Keeping with the times in legal study
Mount Kenya University Librarian Ms. VICTORIA MUNYAO explains how the university’s law library continually adapts to the changing landscape of legal education to ensure students get relevant support at all times:
Q. How critical is the idea of a specific library for law students?
Answer: Law students, in their day-to-day studies, seek and generate a lot of information due to the nature of their coursework. This demand on them goes back to medieval times.
The law library has some rare books and information materials that are sometimes too expensive for the average student to purchase. Here, they can easily retrieve and use them.
The university has spent a lot of money to stock books and e-resources in the Parklands Law Campus Library.
Students taking photos during celebration of accreditation of Law programs
Q. What makes the MKU School of Law library unique?
A. The MKU SoL library continually adapts to the changing landscape of legal education. Unlike other common libraries that serve a large demography of users, the law library houses documents related to legal affairs that always requires special skills to handle. This refers especially to court judgements, legislative enactments, constitutions, treaties, administrative rules and regulations. Apart from these text books, reference books and professional journal publications are the core contents of any law library.
The library acts as a dynamic centre for idea interaction, whereby we are not only a “warehouse of books” but also a centre of cooperative learning. We have discussion areas, vast reading areas and an e-resource centre to provide multiple academic support service in one convenient location.
Our goal is to provide adequate information at the right time to fulfil the mission and help to increase libraries’ operational efficiency and cater to the ever-increasing needs of our clientele.
Q. What kind of resources does MKU’s law library boast and in what volumes?
A. MKU SoL boasts of a myriad of resources with our physical collection of over 15,000 volumes. These include both local and international law resources and a growing list of an electronic database of law reports, statutes, journals and internet resources (such as Lexis Nexis, Jstor, EBSCO Host), Kenya law reports and many more.
As MKU SoL, we have found out that we can deliver a higher level of service quality with electronic resources. We are shaping our e-resource subscription portfolios to address this reality.

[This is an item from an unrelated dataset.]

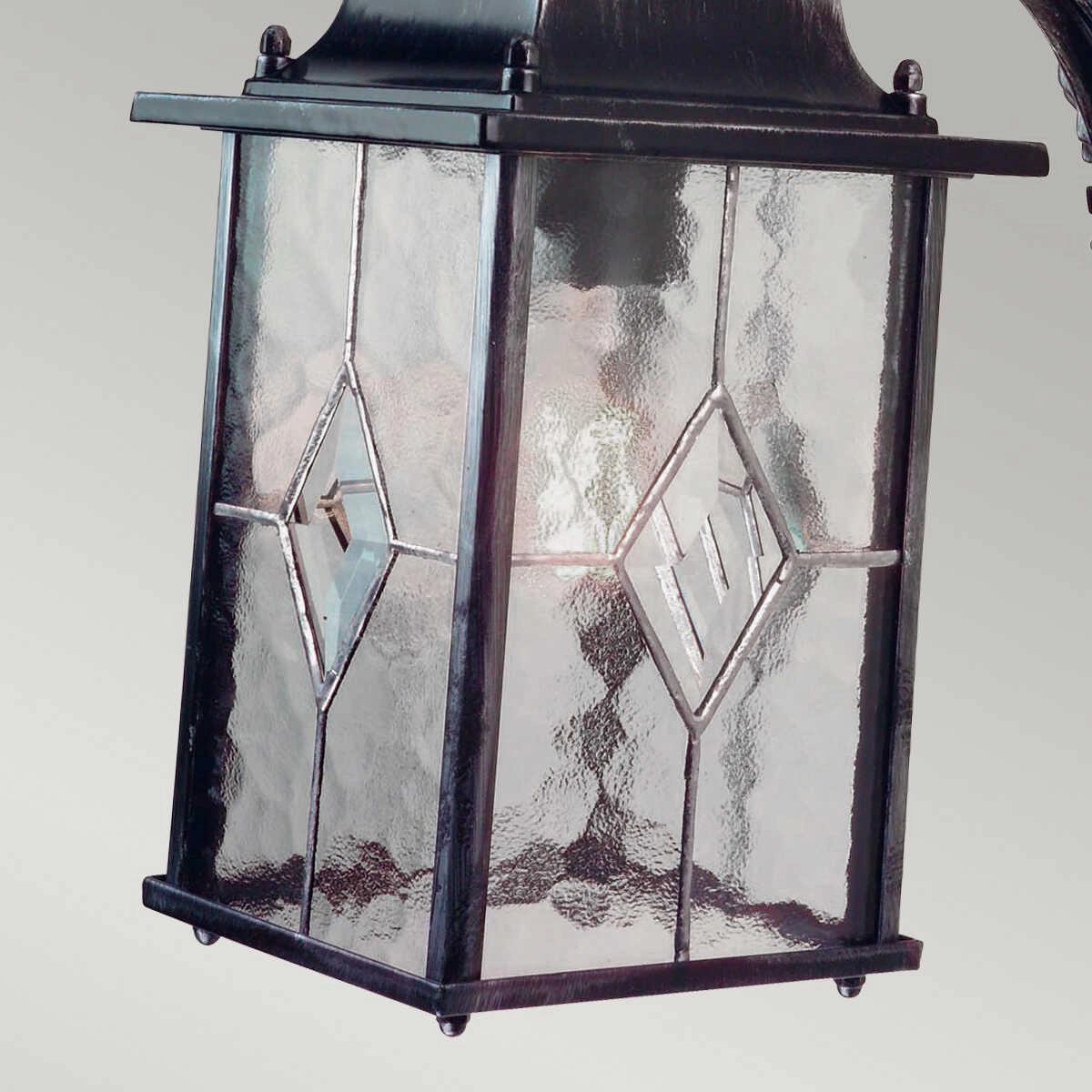 Elstead Wexford Black/Silver Outdoor Downlighter Wall Light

For many, if not most campus users of journals, electronic access is a productivity enhancer. MKU’s law library has invested in an e-resource centre and off-site access (virtual library). Students and faculty can access our e-resource database from outside the campus, anywhere in the world. Free internet and a Wi-Fi throughout the library and campus as a whole provides easy access to the available resources.
Q. Are there plans to add on to existing resources?
A. The library is continuously increasing its resources and updating to the changing technological advancements.
Q. Any other comment?
A. MKU Law Library staff members are highly qualified and take a leadership role in supporting learners. They work with the legal writing programme, creating special training modules and joining with the faculty in developing the necessary curricular components. The aim is to enhance the training of students in the use of technology in research, such as use of legal databases in legal research.
The librarians maintain close contact with students and faculty, thus making them part of the legal effort at the other end of the process. They protect the availability and quality of legal information, and ensure open and equal access to legal information by everybody.
I will end with a quote from J.K. Rowling: “When in doubt, go to the library”.